Speaking at the African Registrar-Generals’ Taskforce meeting in Victoria Falls, Mudede said Africa should take full ownership of civil registration systems and devote more resources, as opposed to relying on donors whom he blamed for peddling lies.

Mudede hailed the formation of an African committee to coordinate civil registration of citizens across the continent to ensure they all had requisite civil documents.

“It will allow us to meet and discuss issues about Africans rather than for them to be channelled by outsiders. We solve our own problems. We have non-governmental organisations that have conducted surveys, writing documentaries showing that Africans are suffering,” he said.

“They make money by portraying to their donors that we are in deep poverty, but it affects us as registrars because we know the situation. Some write that people in Gokwe move undressed because of poverty and the committee will monitor such organisations.”

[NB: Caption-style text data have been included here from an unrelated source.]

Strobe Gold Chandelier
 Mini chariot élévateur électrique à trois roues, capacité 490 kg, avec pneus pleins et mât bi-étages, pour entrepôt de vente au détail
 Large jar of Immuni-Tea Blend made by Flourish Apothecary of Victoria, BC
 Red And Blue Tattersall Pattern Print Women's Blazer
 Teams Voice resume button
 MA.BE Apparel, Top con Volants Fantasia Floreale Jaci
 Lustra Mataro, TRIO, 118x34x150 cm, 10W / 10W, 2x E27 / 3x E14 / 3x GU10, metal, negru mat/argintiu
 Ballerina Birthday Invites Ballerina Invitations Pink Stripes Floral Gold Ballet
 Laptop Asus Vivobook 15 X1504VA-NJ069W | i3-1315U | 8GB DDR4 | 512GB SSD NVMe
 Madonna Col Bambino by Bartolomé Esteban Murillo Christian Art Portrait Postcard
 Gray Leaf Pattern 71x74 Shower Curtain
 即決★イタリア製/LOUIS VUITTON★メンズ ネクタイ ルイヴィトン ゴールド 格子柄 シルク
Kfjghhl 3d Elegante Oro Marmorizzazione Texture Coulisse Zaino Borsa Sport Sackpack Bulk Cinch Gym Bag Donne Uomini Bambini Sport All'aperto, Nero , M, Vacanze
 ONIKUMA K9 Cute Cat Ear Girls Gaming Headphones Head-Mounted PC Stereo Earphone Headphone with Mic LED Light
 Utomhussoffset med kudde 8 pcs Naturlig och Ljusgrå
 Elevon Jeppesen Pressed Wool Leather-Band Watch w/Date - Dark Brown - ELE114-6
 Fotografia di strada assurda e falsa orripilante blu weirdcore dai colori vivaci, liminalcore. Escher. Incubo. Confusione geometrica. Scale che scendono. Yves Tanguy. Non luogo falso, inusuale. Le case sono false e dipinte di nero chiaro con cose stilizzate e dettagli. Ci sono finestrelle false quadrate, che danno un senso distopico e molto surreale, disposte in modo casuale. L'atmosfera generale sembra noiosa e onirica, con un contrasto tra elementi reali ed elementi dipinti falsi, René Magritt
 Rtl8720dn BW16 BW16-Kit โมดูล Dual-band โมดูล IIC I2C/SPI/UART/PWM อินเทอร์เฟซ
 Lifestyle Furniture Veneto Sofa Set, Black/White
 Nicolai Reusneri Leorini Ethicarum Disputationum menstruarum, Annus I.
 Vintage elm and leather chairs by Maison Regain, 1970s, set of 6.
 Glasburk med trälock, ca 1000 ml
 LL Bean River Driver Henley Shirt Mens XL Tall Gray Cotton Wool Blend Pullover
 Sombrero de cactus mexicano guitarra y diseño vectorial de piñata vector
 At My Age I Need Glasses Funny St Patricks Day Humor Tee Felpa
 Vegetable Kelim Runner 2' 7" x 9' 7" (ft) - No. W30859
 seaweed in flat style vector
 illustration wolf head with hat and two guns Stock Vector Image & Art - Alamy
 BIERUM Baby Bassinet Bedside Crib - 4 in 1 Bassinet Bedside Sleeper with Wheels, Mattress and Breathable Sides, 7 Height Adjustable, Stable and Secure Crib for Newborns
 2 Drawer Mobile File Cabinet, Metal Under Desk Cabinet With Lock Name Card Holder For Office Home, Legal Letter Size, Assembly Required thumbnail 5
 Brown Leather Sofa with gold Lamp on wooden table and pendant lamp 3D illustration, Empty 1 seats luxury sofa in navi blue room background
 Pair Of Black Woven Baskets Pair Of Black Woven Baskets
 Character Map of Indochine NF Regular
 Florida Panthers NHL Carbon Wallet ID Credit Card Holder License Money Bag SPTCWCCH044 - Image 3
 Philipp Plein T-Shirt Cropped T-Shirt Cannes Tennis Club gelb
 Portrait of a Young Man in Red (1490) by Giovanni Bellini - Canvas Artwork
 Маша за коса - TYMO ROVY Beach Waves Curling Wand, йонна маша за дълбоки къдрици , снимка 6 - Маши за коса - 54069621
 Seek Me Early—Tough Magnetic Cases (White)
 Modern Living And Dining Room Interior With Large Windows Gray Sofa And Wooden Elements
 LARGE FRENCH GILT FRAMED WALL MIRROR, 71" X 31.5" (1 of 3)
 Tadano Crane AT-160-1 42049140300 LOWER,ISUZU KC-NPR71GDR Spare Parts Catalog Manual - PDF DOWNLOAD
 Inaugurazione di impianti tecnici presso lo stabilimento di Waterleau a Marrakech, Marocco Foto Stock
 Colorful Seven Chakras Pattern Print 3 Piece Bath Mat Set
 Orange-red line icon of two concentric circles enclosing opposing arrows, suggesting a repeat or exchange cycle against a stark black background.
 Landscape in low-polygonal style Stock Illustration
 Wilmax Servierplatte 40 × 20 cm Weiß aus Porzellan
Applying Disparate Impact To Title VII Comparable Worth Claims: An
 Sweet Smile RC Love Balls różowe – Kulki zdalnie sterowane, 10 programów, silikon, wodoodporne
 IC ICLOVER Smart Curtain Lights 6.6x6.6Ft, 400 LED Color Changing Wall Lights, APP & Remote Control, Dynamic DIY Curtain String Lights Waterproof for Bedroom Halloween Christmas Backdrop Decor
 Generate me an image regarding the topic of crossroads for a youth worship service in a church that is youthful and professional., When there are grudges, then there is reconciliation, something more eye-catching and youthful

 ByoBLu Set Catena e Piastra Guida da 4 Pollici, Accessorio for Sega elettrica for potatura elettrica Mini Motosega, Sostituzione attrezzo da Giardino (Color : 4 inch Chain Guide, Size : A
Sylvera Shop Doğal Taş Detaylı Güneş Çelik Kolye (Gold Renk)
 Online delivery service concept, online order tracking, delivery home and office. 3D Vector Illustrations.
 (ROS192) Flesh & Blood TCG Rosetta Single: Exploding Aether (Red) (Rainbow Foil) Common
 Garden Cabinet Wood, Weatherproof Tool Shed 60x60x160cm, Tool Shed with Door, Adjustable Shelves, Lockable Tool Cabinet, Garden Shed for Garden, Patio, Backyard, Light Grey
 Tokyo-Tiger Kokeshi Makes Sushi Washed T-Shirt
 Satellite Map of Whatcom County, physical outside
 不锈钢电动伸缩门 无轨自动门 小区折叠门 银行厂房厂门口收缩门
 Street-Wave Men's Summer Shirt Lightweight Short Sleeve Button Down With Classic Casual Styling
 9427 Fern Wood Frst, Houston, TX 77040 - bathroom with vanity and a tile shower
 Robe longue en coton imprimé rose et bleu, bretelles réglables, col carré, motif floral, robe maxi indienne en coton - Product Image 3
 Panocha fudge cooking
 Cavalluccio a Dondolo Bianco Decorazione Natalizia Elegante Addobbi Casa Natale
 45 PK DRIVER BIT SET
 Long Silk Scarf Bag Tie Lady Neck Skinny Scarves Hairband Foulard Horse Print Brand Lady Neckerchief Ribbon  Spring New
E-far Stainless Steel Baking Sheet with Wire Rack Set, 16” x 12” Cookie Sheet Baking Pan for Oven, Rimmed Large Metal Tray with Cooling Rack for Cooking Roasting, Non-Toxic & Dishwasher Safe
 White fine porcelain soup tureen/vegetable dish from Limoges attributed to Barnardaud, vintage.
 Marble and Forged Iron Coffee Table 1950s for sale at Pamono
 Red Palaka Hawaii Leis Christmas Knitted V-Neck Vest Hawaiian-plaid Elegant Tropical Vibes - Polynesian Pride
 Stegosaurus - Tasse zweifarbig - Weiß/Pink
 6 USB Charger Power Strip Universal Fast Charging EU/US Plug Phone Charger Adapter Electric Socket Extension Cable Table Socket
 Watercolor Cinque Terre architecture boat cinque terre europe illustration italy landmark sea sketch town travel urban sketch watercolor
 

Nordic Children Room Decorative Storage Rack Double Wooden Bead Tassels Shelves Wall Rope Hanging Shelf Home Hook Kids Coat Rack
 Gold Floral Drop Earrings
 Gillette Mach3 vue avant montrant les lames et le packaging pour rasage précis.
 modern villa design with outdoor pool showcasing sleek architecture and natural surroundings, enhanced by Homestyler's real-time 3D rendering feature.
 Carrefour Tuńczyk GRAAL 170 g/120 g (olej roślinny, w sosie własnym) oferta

Mudede said the African governments had adequate resources to support the civil registration, but not enough funding was channelled towards that.

Victoria Falls mayor Sifiso Mpofu also urged registrar-generals to expedite the formation of the continental body, given the centrality of civil registration as a tool for development.

African Centre for Statistics and Economic Commission for Africa (ECA) director, Oliver Chinyanga said the intergovernmental body for registration was long overdue.

“This is a very critical and long overdue forum. It will serve to follow up on recommendations that are made by the ministers as well as those that are made by Heads of States.

“We have several recommendations that have been passed, but almost zero has been implemented and yet we are now seven years down the line, for instance, we need to have everyone registered immediately after they are born, but that is a challenge in some countries,” Chinyanga said.

“We have people that come on earth and leave without being noticed nor known in the database that they ever existed. This is the case in many African countries that there are no records that they ever lived and this is very sad because they cannot be traced.” Chinyanga said that census results would be easy to retrieve and the information will not be based on estimates, while also helping in development plans.

“If we have proper and robust civil registration, issues of census will not be necessary because we will register them when they come in, in between until death so it means that those people who come and exit, we will accurately capture them in the database,” Chinyanga said.

“Even for planning in terms of birth, it will help in terms of infrastructure like schools needed for them to cater for that number and in death, we can have an average of how many are we losing a year and it helps in planning of cemeteries space, life expectation because right now, we are relying on average estimate numbers that Africans live for 60 years but we have people who have surpassed 100 and we have no records of them and they don’t know when they were born.”